## What is expected:
The word "illustration" appears in some lines of the entries. Say how many, and give nothing but the number.

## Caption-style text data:

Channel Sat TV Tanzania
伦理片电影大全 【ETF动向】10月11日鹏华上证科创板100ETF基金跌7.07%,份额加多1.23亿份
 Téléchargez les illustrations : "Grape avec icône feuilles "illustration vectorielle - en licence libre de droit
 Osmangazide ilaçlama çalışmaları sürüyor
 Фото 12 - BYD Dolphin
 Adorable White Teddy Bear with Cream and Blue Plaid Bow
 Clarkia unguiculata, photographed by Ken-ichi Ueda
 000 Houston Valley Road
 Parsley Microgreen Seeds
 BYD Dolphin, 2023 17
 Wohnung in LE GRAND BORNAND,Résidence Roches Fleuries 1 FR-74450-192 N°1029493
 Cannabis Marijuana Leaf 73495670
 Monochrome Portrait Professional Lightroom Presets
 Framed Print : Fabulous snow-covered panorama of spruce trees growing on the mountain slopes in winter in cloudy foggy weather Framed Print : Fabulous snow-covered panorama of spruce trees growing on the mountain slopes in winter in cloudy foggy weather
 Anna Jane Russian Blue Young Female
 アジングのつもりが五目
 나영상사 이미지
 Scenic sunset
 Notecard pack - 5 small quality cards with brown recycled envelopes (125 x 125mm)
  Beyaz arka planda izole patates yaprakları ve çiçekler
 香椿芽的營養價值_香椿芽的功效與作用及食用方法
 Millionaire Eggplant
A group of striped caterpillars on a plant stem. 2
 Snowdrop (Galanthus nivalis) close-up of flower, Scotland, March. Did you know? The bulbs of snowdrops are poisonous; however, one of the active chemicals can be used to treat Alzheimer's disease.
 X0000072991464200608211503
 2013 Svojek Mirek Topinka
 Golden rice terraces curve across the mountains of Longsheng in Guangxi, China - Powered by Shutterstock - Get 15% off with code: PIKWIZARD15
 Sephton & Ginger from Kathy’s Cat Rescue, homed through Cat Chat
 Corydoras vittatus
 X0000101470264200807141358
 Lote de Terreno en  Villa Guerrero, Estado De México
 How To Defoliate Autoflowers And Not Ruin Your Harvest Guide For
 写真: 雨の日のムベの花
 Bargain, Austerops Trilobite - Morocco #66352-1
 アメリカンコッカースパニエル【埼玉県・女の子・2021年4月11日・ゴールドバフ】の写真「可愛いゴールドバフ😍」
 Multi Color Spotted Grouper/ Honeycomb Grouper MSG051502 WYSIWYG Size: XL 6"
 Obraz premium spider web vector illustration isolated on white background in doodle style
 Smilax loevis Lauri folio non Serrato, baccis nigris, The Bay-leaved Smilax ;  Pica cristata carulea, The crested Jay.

## Exercise output:
2